When we think of research we often think of clinical research and the effort to eradicate disease. However, awareness about the importance of social care is growing amongst the wider population. Not only does good social care keep older people living happier and healthier lives longer, it enables children and working-age adults with social care needs to take part in society and fulfil their potential.
What are the differences between social care and health care?
There are subtle differences in how we view and talk about people engaging with social care compared to clinical care. For example, people are called ‘service users’ of social care. This places people on a more equal footing with services, whereas in clinical care the term ‘patient’ is sometimes seen as a more passive recipient of them.
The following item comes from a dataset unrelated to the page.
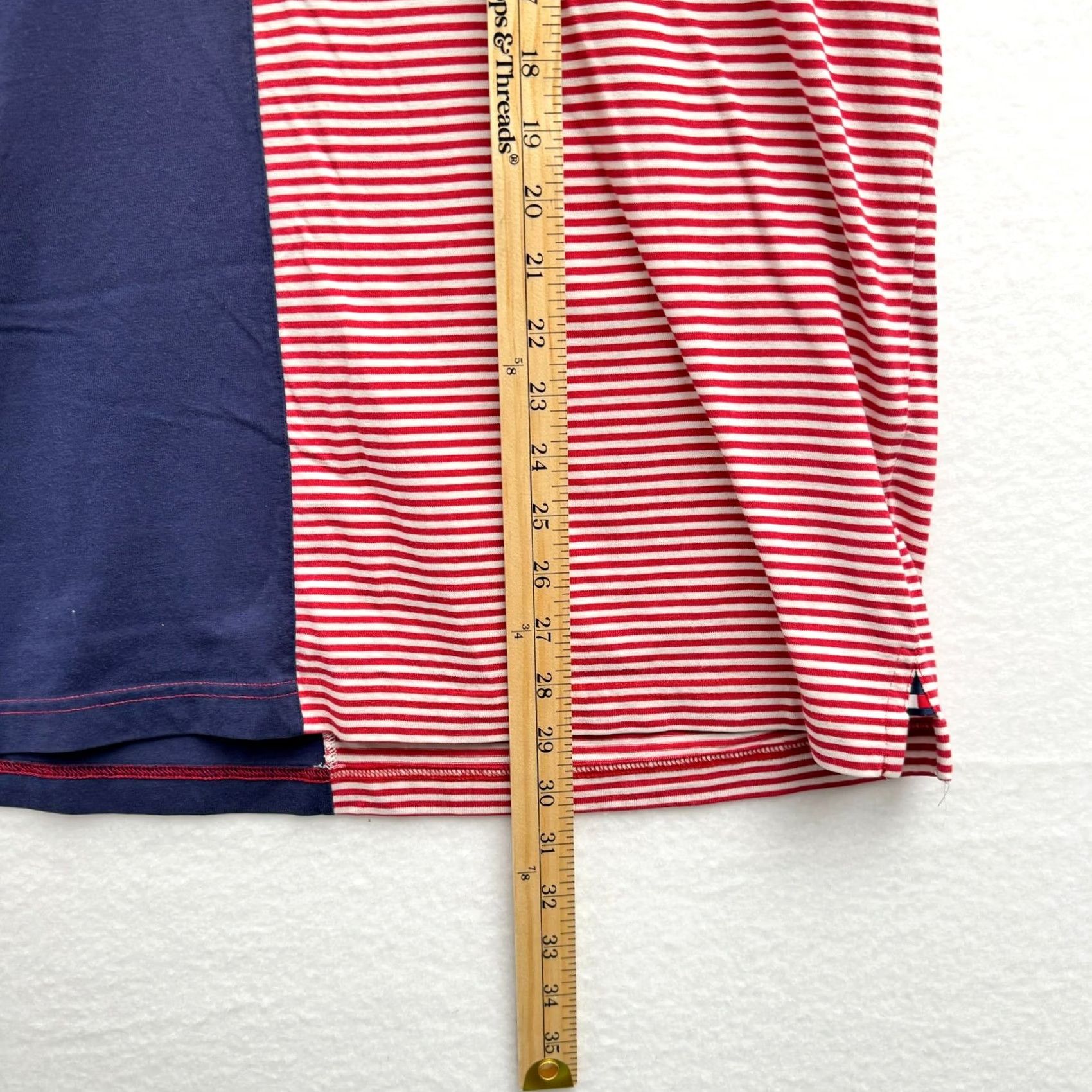 Tommy Hilfiger VINTAGE Tommy Hilfiger Polo Shirt Men XL Striped Two Tone 90s Hip Hop Blue Red White Size US XL / EU 56 / 4 - 5 Thumbnail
Moreover, social care research has tended to value participatory and user-led research more than clinical research has. It has long been a testing ground for different approaches to involving people in improving their care, encouraging co-production, user-led and multidisciplinary knowledge to be a key part of delivering and shaping services.
It could be said that patient and public involvement in clinical research has a lot to learn from service user involvement in social care research. This is despite social care research not always benefiting from the same level of investment or capacity building. However, this is changing at pace.
What is changing?
NIHR has identified building capacity and capability in social care research as one of its areas of strategic focus in the newly published Best Research for Best Health: The Next Chapter. In addition, the new UK-wide Saving and Improving lives: The Future of UK Clinical Research Delivery implementation plan, also provides a timely reminder of the importance of “strengthening public, patient and service user involvement in research”. The report on social care research also lays out some of the actions NIHR has taken in this area in it’s foreword.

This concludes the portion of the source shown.